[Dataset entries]
== Segment start ==

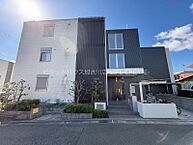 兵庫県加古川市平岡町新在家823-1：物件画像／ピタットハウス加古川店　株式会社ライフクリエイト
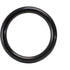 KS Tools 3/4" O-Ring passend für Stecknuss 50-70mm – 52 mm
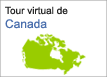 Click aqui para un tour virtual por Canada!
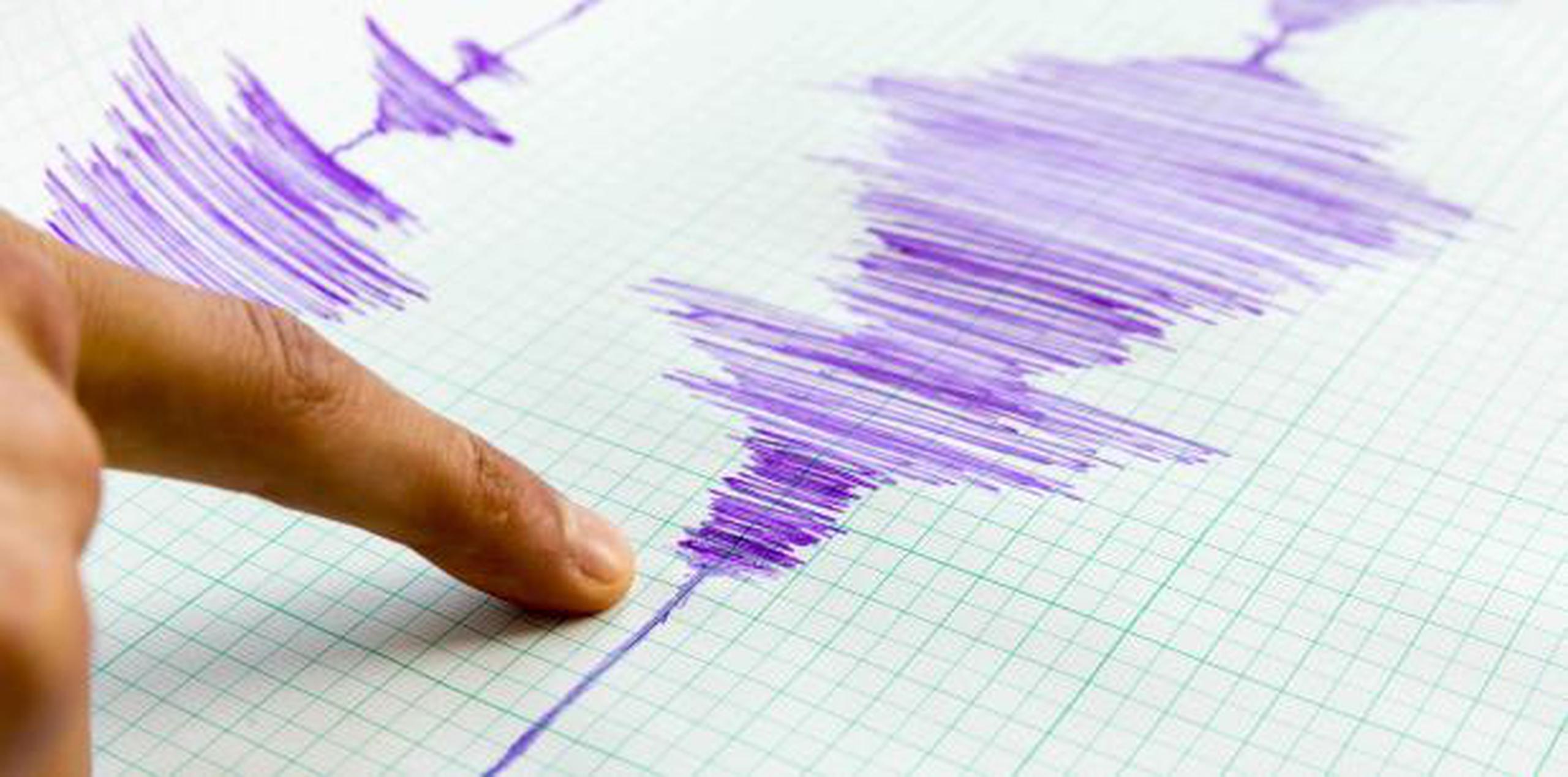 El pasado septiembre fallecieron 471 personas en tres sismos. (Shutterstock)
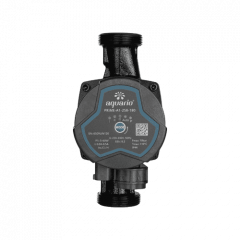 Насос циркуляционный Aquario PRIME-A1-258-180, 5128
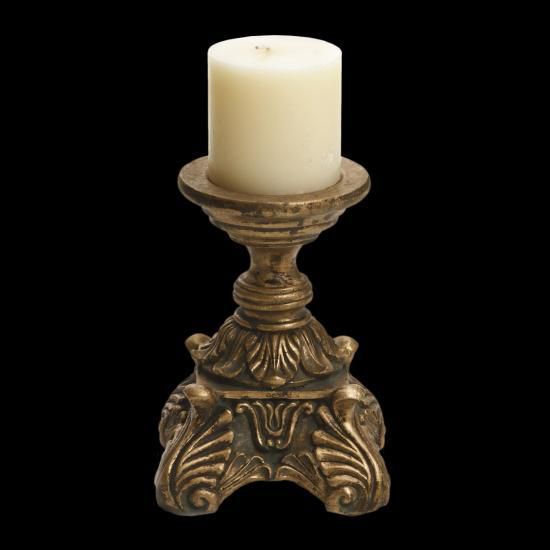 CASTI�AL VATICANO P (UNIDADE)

== Segment end ==

- [TASK ITEM] Please output every record above exactly. Leave the pictures out.

- [PROBLEM SOLUTION]
 兵庫県加古川市平岡町新在家823-1：物件画像／ピタットハウス加古川店　株式会社ライフクリエイト
 KS Tools 3/4" O-Ring passend für Stecknuss 50-70mm – 52 mm
 Click aqui para un tour virtual por Canada!
 El pasado septiembre fallecieron 471 personas en tres sismos. (Shutterstock)
 Насос циркуляционный Aquario PRIME-A1-258-180, 5128
 CASTI�AL VATICANO P (UNIDADE)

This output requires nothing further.